October 31, 2017 12:38 am | Updated 12:38 am IST - CHENNAI

TIRUNELVELI : TAMIL NADU : 14/10/2017 : The mangled remains of the van collided with a lorry at Mangalapuram near Kadayanallur in Tirunelveli District on Saturday early morning. (handout)

TIRUNELVELI : TAMIL NADU : 14/10/2017 : The mangled remains of the van collided with a lorry at Mangalapuram near Kadayanallur in Tirunelveli District on Saturday early morning. (handout)

The Madras High Court’s Registrar General (RG) has issued a circular to all motor accidents claims tribunals in Tamil Nadu and Puducherry to comply with a direction issued by the court on March 10, 2016, to dispose of claim petitions within a year.

Extracting the relevant portion of the order passed by a Division Bench of Justices R. Sudhakar (now a judge of the Jammu and Kashmir High Court) and S. Vaidyanathan, the RG R. Sakthivel instructed the tribunals to follow the directives scrupulously.

The Bench had issued the directive while dismissing an appeal preferred by an insurance company in 2014 challenging ₹15.60 lakh awarded by a tribunal at Dharmapuri in 2013 for the death of an advocate in a road accident involving his van and a truck in 2002.

‘Appalling delay’

Appalled at the delay of over a decade in awarding compensation to the family of the deceased, the Division Bench had ordered that motor accident claim petitions should be disposed of within a year from the date of numbering of those petitions.

It was also ordered that once the petitions were taken up for hearing, they should not be adjourned beyond three working days at any point of time so that the cases could be heard at length and disposed of in accordance with law within the stipulated time.
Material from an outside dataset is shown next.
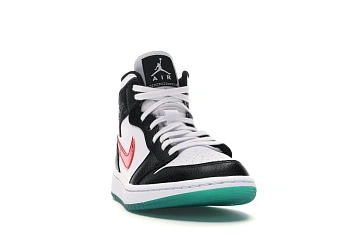 Jordan 1 Mid Alternate Swooshes Red Yellow (BQ6472-063) - 3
Authoring the judgment for the Bench, Mr. Justice Vaidyanathan had said: “Pendency of motor accident cases for years together will cause prejudice to the injured claimants/dependants of the deceased, and it is certainly more painful than the injuries sustained by the claimant.

“Equally, it is also to be noted that the insurance company shall not be asked to pay compensation to the claimants through their nose as in many cases the interest alone runs to several lakhs on account of pendency of matters for years together before the trial court/High Court.”